OPINIÓN| Rubén Quiroz Ávila: En nombre de otro crimen
La juventud tiene ese entusiasmo y una energía que conmueve. Ser jóvenes es una virtud tal que todo es posible. Divino tesoro, diría el poeta. Es por ello que este elenco de estudiantes de artes escénicas de la Universidad Científica del Sur, rebozan de frescura, atrevimiento, osadía. Esa alegría descarada, incluso hace que uno pase de lado sus posibilidades de mejora. A eso hay que sumarle que la obra ha sido hecha exprofeso para su estreno en el circuito limeño. Aarón Vizcardo, es una revelación de la dramaturgia peruana. Domina el lenguaje con la intrepidez correspondiente a su talento. El tono cáustico, burlón, desvergonzado, con elementos del teatro del absurdo y guiños de hiperrealismo televisivo, marca una interesante ruta para los nuevos guiones para escena. Hay una abrumadora mayoría de dramas, necesarias para formas de reflexión, pero pocas propuestas de otros géneros como esta que reseñamos. Parece advertir, en este torrente de luces de arcoíris, el despliegue de las tesis almodovarianas más radicalizadas. El efecto kitsh es inminente y marca toda la acción.

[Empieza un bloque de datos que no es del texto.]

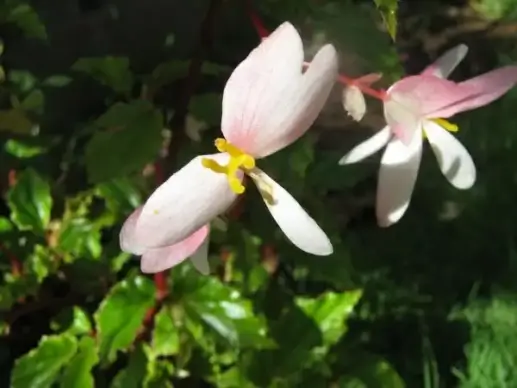 begonia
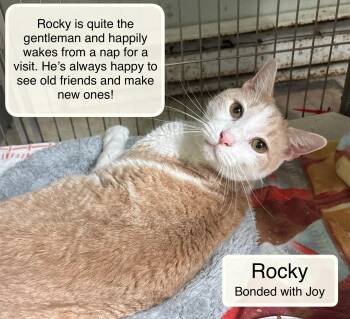 Rocky and Joy -  Domestic Short Hair Cat for Adoption in Ellicott City, Maryland - Rocky And Joy | PetCurious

Para ello Vizcardo se reúne de sus amigos y de su actor fetiche Francisco Rodríguez, cuyo protagonismo sobresaliente señala a un actor con un futuro expectante. Ya lo hemos visto en otras puestas y su evolución es permanente y continua. Rodrigo Rodríguez cumple con su antagonismo y tiene momentos de brillor cuando está concentrado. Luis Yataco en la modulación de un personaje violento, asesino, torturado, nos recuerda a una construcción de Hammet. Estrella Guerra le pone el toque sensual con naturalidad y falsa inocencia. Mendoza, Liza y Vargas componen un elenco que se divierte en esta suerte de parodia, donde hasta las actuaciones son una burla de la actuación misma. Todo se vuelve un reality con caleidoscópicos de sordidez, bajos fondos, dobles vidas.ip
Bajo la dirección de Rebeca Ráez se hila esta delicatessen de aventura irónica. En una ciudad donde el gag fácil, la banalidad de obras cómicas es más bien el estándar, la puesta en el clásico teatro Miraflores, casi un refugio para el teatro paralelo y con producción casi familiar, nos dan un respiro y aire nuevo de la movida teatral. Además, da señales claras de la diversidad posible tanto en la elección temática como en los artilugios usados. Al final, tal vez justo el valor, no se sabe si se están burlando de nosotros como espectadores, o es un cuestionamiento al teatro mismo como una forma de la catarsis. Eso también es una saludable señal de la escuela de artes escénicas que dirige Gustavo López, quien da cabida a los diversos estilos y está originando obras, como En nombre de otro crimen, desbordantes de creatividad, riesgo y un temple artístico que hace que nuestro teatro peruano avizore un curativo porvenir.